The initial preparation for any university course can be quite daunting, whether you’re a new student or a professional looking to enhance your existing skills and expertise. It takes quite some time to research the courses available, and then make the final choices as to what exactly you want to study. And of course, there are the undergraduate reading lists. These are mandatory for certain courses, which can pose a problem – namely, where will you find the time? Well, happily, a new has identified one particular aspect of everyday that could be the secret to your degree: your commute.

Your commute could be the key to your studies

According to the study by ethical car recycling company Scrap Car Network, the average British commute lasts 58 minutes. Given that there are about 233 working days over the course of any given year, that means that the average British commuter has about 225 extra hours to kill annually. While many people are content to pass this time on social media, or catch up on the day’s headlines, it also provides a valuable opportunity for anyone enlisting in further education.

For example, Scrap Car Network’s researchers found that the entire undergraduate reading list for a Philosophy, Politics and Economics course at the University of Oxford – the degree considered to the elite of the elite in the UK and equivalent to an Ivy League education – is a surprisingly achievable goal for those travelling by train or even bus. On average, it would take one person 167 hours – or 172 days of commuting time – to read each book on the list once. That’s ample time for you to prepare for the beginning of the course itself – and that’s the most difficult material!

Could you be ready to study at an Ivy League University within a year - without changing your routine?

How your commute can provide the perfect learning environment

The advantages of learning this way are clear to see; if you’re in a full time job, it won’t cut into your normal working day, and you can prepare for your studies without worrying about them intruding unduly on your home life, hobbies or family commitments either. What’s more, for many people, there are certain aspects of a public transport environment that they find can help them to focus. It’s easygoing enough so that there’s no tension or pressure to get a certain amount done, but at the same time it’s got a great balance between general bustle and low background chatter – aspects that it shares with most modern offices and study rooms. If you’ve got a particularly early commute, you might even be able to enjoy a quick study session in complete silence. What’s more, it’s regular and reliable, so you know how much time you’ve got and can set your learning objectives and goals accordingly. Handily, you don’t even have to be a student to benefit from this type of supplementary learning. University reading materials don’t require any special qualifications to read, and they’re easily obtainable – many are even available for free. That means you can reap sizeable benefits from the knowledge they contain, whether you intend to enter the world of further education or not.

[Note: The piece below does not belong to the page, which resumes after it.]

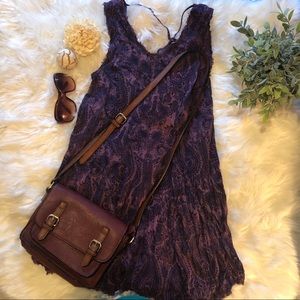 Urban Outfitters Floral Trapeze Swing Dress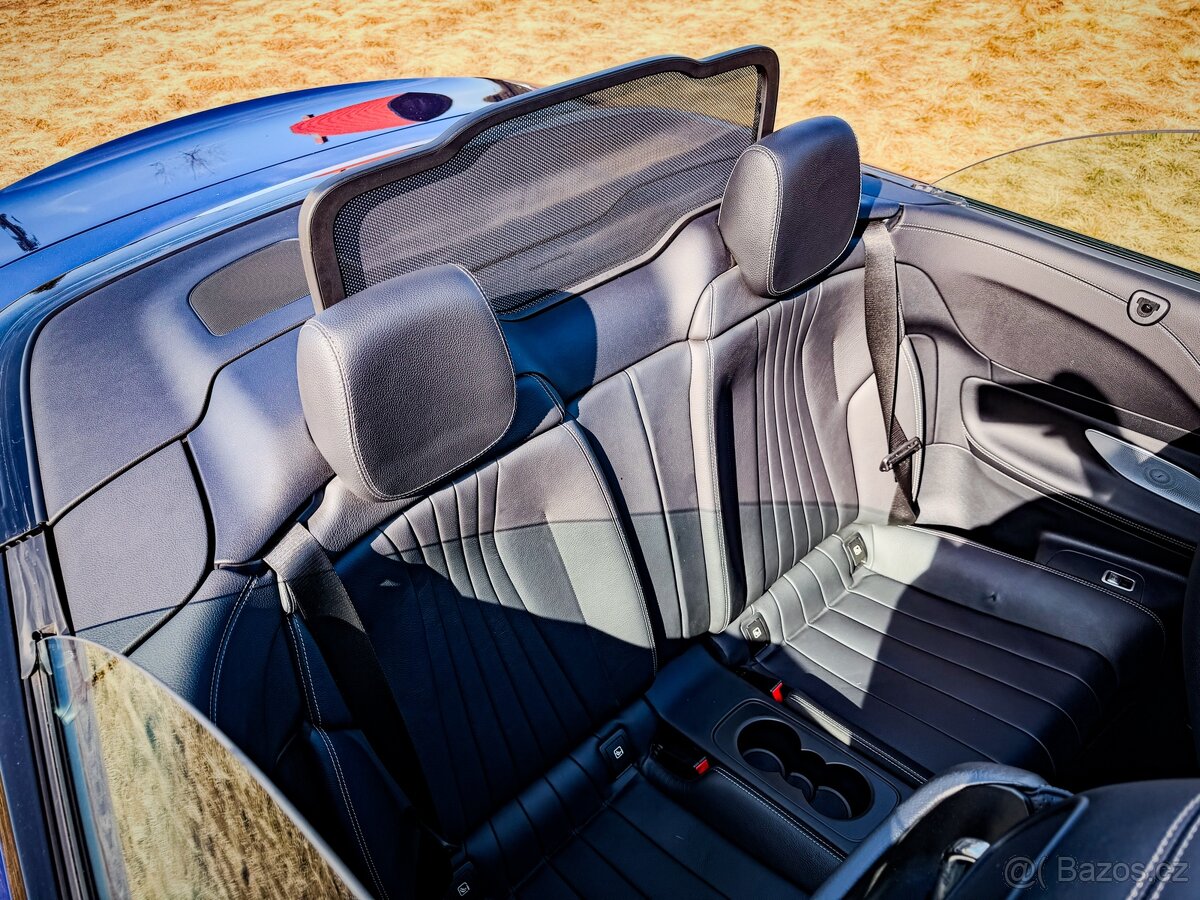 Mercedes Benz E cabrio - WEBASTO - MASAZE - 14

As Scrap Car Network’s study demonstrates, even the most sophisticated university reading materials likely won’t take up all the available commute time in a given year. This means you can supplement your learning even further by reading extra materials by other relevant authors you’ve identified in the course of your studies, or familiarise yourself further with particularly involved concepts. In short, with prudent use of the available time on your daily commute, you might be surprised at how much knowledge you can absorb before the start date of your course – whether it’s a Philosophy, Politics and Economics course at Oxford, or a different one suited to your career and skills.